Existe una segunda tentación. En tiempos de las primeras comunidades cristianas había una consigna más o menos extendida entre los romanos, que ha vuelto a surgir en nuestro tiempo. Un poeta la formulaba así: carpe diem: "disfruta del momento. El mañana es inseguro. Sácale al presente todo el jugo que puedas". En español lo decimos también en otros términos: "a vivir, que son dos días". Pero la llamada que hoy recibimos de la Palabra no concuerda con esas consignas. Se nos invita más bien a que seamos sobrios y llevemos una vida digna, para que la salvación de Dios (el don más grande que cabe esperar) no se aleje de nosotros. No sabemos cuándo se producirá la venida gloriosa del Señor. En el cristianismo primitivo se pensaba que tendría lugar de un momento a otro, y se trataba de descifrar los signos precursores. Pero es mejor dejar esos cálculos. Vivamos con fidelidad y con entrega nuestros quehaceres diarios, la misión de nuestra vida. Y tengamos un corazón vigilante. Que el Señor nos encuentre listos, sin temor, pacificados interiormente, expectantes incluso, cuando quiera venir. Le cantamos: "Ven, ven, Señor, no tardes; ven, ven, que te esperamos". Que ése sea el canto de nuestra alma.

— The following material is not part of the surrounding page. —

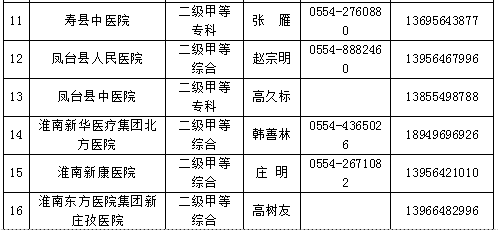 淮南肺炎人口_暗恋橘生淮南(3)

Entretanto, en el camino de la vida contamos ya con su presencia y su acompañamiento misteriosos: en la Palabra, en los sacramentos, en la comunidad, en los pobres y dolientes. Esto no son fantasías: son la realización de una promesa que nos hizo. En efecto, el evangelio de Mateo, proclamado hoy y que se seguirá proclamando durante todo este ciclo, concluye con estas palabras del Señor resucitado: "Yo estoy con vosotros todos los días hasta el fin del mundo". Por tanto, al recorrer el camino de la vida, una vida que es Adviento, confiemos. No nos faltará el Señor ni nos faltará su Espíritu, ese don de la Pascua que es consuelo en el llanto, descanso de nuestro esfuerzo, tregua en el duro trabajo, gozo que enjuga las lágrimas y reconforta en los duelos.